Entonces me miró, y vi que estaba muy seria.

– Espero que lo sepas aunque no te lo haya dicho nunca -prosiguió-. Espero que no haga falta que te lo diga…

Volvió a girar la cabeza y se quedó contemplando las trémulas luces de la ciudad.

– Pero por si sirve de algo, lo siento.

Seguimos un rato callados, disfrutando de un silencio agradable. Yo quería decir algo. Quería decirle que no me importaba, pero habría mentido. Quería decirle que lo único que de verdad me importaba era que regresara, pero temía que eso fuera demasiado cierto.

Así pues, en lugar de arriesgarme y decir algo que no debía, me callé. Sabía lo que les pasaba a los hombres que se aferraban demasiado a ella. Esa era la diferencia entre ellos y yo. Yo no me aferraba a Denna, no trataba de poseerla. No entrelazaba un brazo con el suyo, ni le murmuraba al oído, ni le besaba la mejilla por sorpresa.

Sí, lo pensaba. Todavía recordaba su calor el día que me abrazó junto al elevador. Había veces en que habría dado mi mano derecha a cambio de volver a abrazarla.

Pero entonces pensaba en las caras de los otros hombres cuando se daban cuenta de que Denna los estaba abandonando. Pensaba en todos los que habían intentado retenerla y habían fracasado. Así que me abstuve de enseñarle las canciones y los poemas que había escrito, pues sabía que demasiada verdad puede ser demoledora.

Y si eso significaba que Denna no era completamente mía, ¿qué? Yo siempre sería la persona a la que ella podía acudir sin temor a recriminaciones ni preguntas. Así que no intentaba conquistarla y me contentaba con jugar una hermosa partida.

Pero siempre había una parte de mí que deseaba algo más, y por tanto siempre había una parte de mí que deliraba.

Pasaban los días, y Denna y yo explorábamos las calles de Severen. Nos sentábamos en los cafés, veíamos obras de teatro, íbamos a montar a caballo. Subimos hasta lo alto del Tajo por el camino solo para poder decir que lo habíamos hecho. Visitamos los mercados del muelle, una colección de fieras itinerante y varios gabinetes de maravillas.

Algunos días no hacíamos otra cosa que sentarnos y hablar, y esos días nada llenaba nuestras conversaciones tanto como la música.

Pasábamos horas y horas hablando del oficio de músico. De cómo encajaban las canciones. De cómo se combinaban las estrofas y los estribillos; del tono, del modo, del compás.

Eran cosas que yo había aprendido de pequeño y en las que pensaba a menudo. Y si bien para Denna eran materias nuevas, en cierto modo eso era una ventaja para ella. Yo había aprendido música antes que aprender a hablar. Conocía diez mil reglas de melodía y estrofa mejor de lo que conocía el dorso de mis propias manos.

Denna no. En cierto modo, eso la limitaba, pero por otra parte hacía que su música fuera extraña y maravillosa…

Sé que no lo estoy explicando muy bien. Imaginad que la música es una gran ciudad enmarañada, como Tarbean. En los años que pasé viviendo allí, acabé conociendo bien sus calles. No solo las principales. No solo los callejones. Conocía atajos y tejados y secciones de las alcantarillas. Gracias a eso, podía moverme por la ciudad como un conejo entre las zarzas. Era rápido, ingenioso, astuto.

Denna, en cambio, no había recibido ninguna instrucción. No conocía ningún atajo. Lo lógico habría sido que hubiera deambulado por la ciudad, perdida e impotente, atrapada en un retorcido laberinto de piedra y argamasa.

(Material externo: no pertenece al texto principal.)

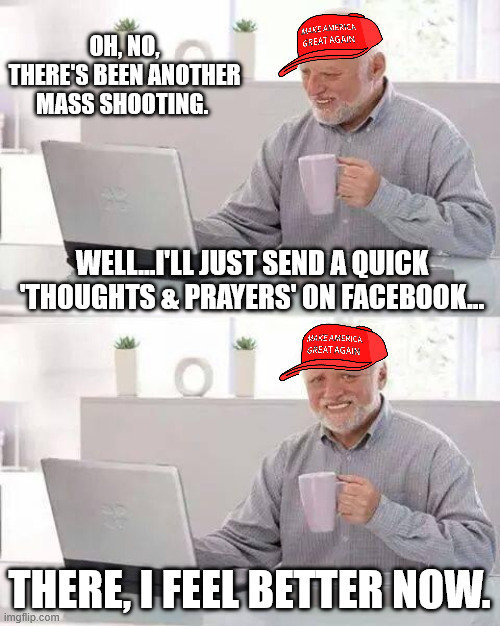 maga when seeing yet another mass shooting | OH, NO, THERE'S BEEN ANOTHER MASS SHOOTING. WELL...I'LL JUST SEND A QUICK 'THOUGHTS & PRAYERS' ON FACEBOOK... THERE, I FEEL BETTER NOW. | image tagged in memes,hide the pain harold | made w/ Imgflip meme maker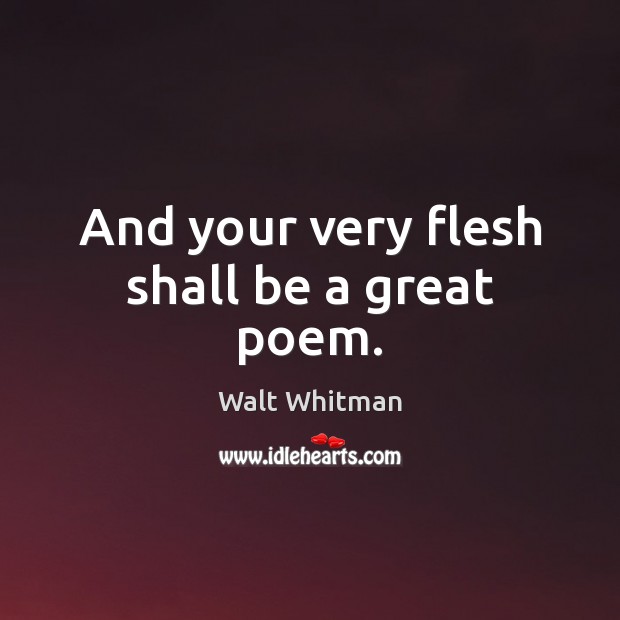And your very flesh shall be a great poem. Walt Whitman Picture Quote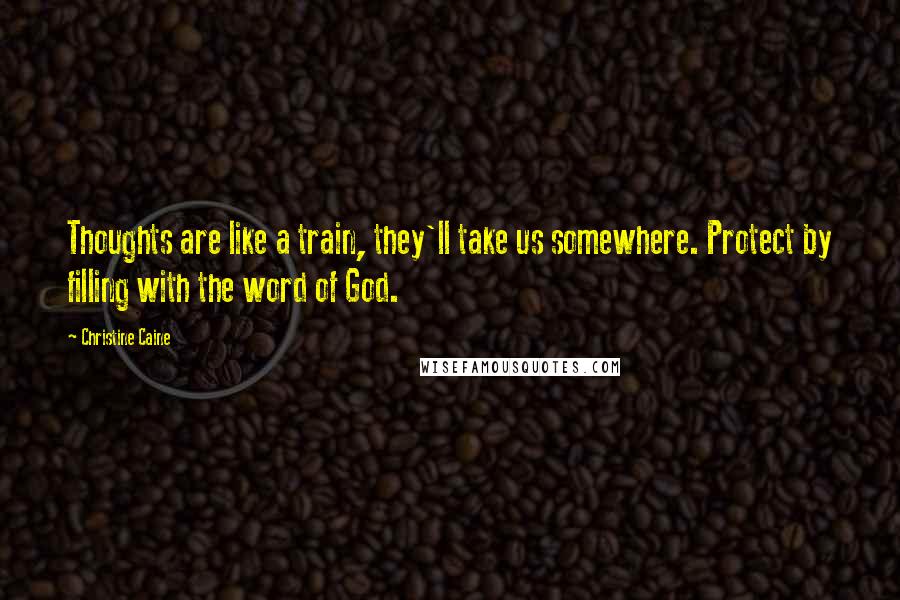 Christine Caine Quotes: Thoughts are like a train, they'll take us somewhere. Protect by filling with the word of God.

Pero no: ella atravesaba las paredes. No sabía hacer otra cosa. Nadie le había dicho nunca que no pudiera hacerlo. Por eso se movía por la ciudad como un ser feérico. Paseaba por calles que nadie podía ver, y eso hacía que su música fuera salvaje, extraña, libre.

Al final costó veintitrés cartas, seis canciones y, aunque me avergüenza decirlo, un poema.

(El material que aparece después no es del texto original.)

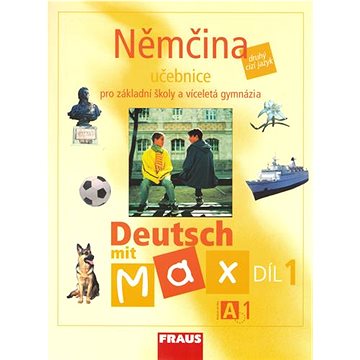 Němčina Deutsch mit Max A1/díl 1: Učebnice pro základní školy a víceletá gymnázia (80-7238-531-3)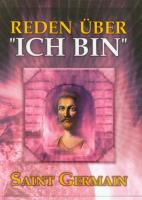 Medytacje nad Jam jest wersja niemiecka Reden Uber Ich Bin. Autor: Saint Germain. SmakLiter.pl Okładka książki Medytacje nad Jam jest wersja niemiecka Reden Uber Ich Bin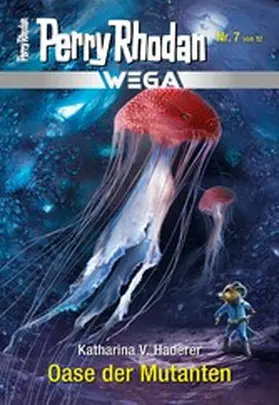 Haderer |  Wega 7: Oase der Mutanten | eBook | Sack Fachmedien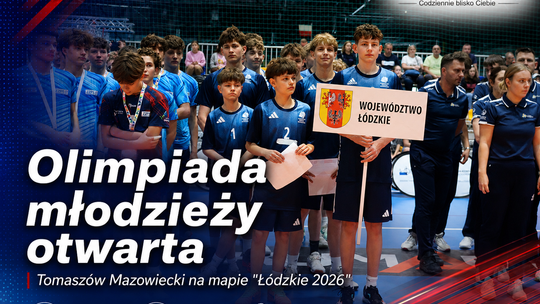 Olimpiada młodzieży otwarta. Tomaszów Mazowiecki na mapie „Łódzkie 2026”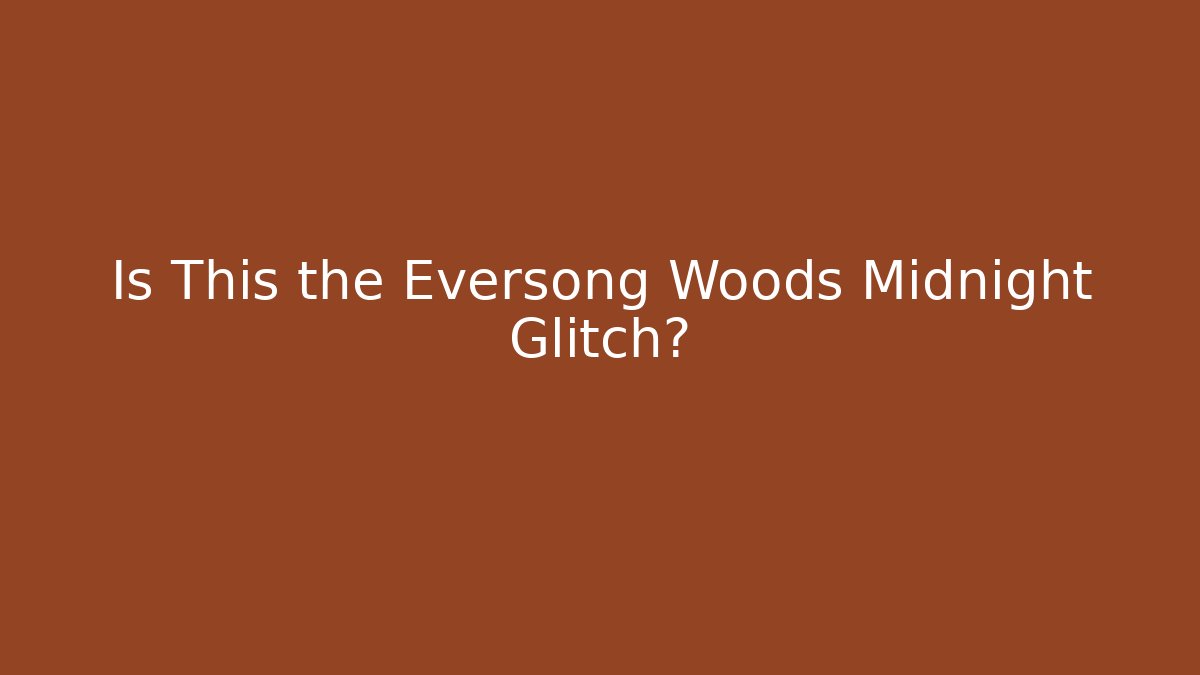 Is This the Eversong Woods Midnight Glitch? - Vintage E-Juice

No fue solo eso, desde luego. Las cartas por sí solas no pueden conquistar el corazón de una mujer. Alveron también cumplió con su papel en el cortejo. Y después de revelarse como el pretendiente anónimo de Meluan, hizo la mejor parte del trabajo, atrayendo lentamente a Meluan a su lado con la tierna reverencia que sentía por ella.

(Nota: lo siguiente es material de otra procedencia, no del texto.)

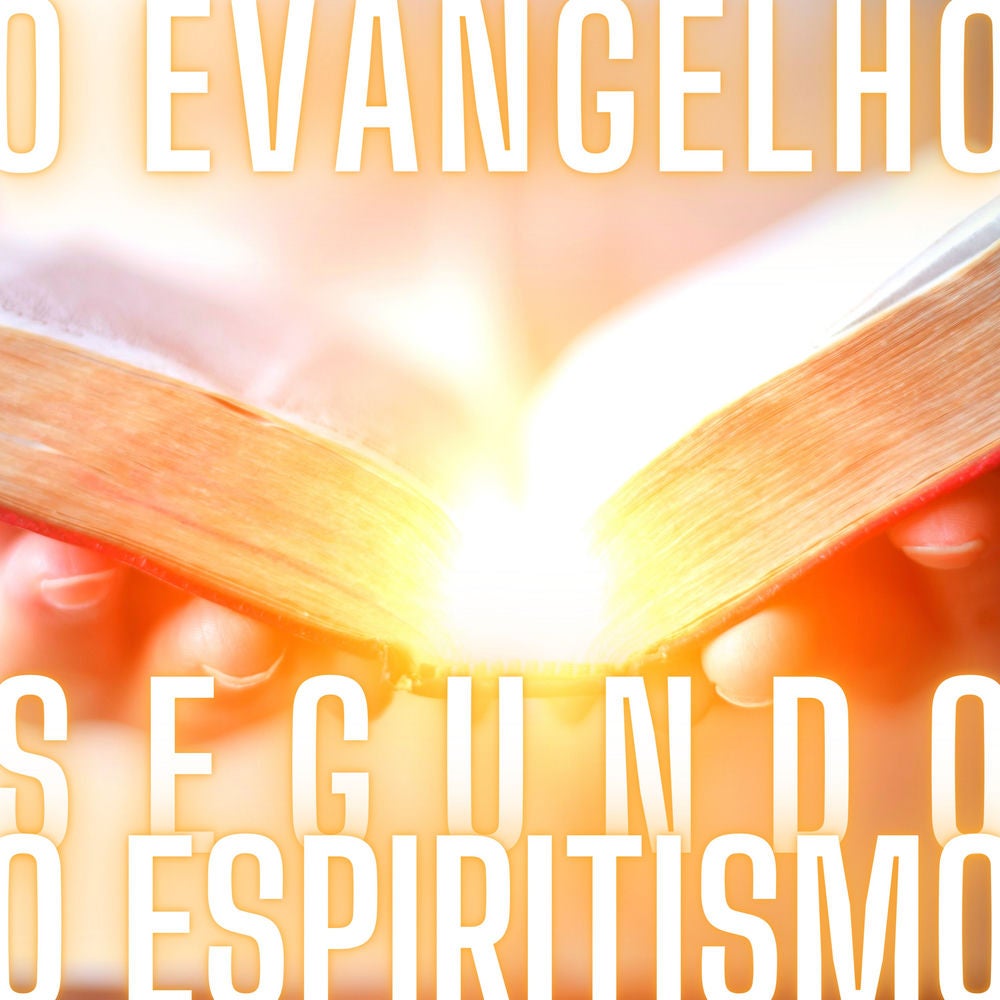 O Evangelho Segundo o Espiritismo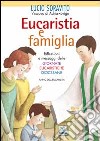 Eucaristia e famiglia. Riflessioni e messaggi delle Giornate Eucaristiche Diocesane. Anno dell'Eucarestia libro di Soravito Lucio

Pero mis cartas llamaron la atención de Meluan. Mis canciones la atrajeron lo suficiente para que Alveron pudiera desplegar su lento y locuaz encanto.

Aun así, solo puedo reclamar una pequeña parte del mérito por las cartas y las canciones. Y en cuanto al poema, solo hay una cosa en el mundo que podría llevarme a cometer semejante locura.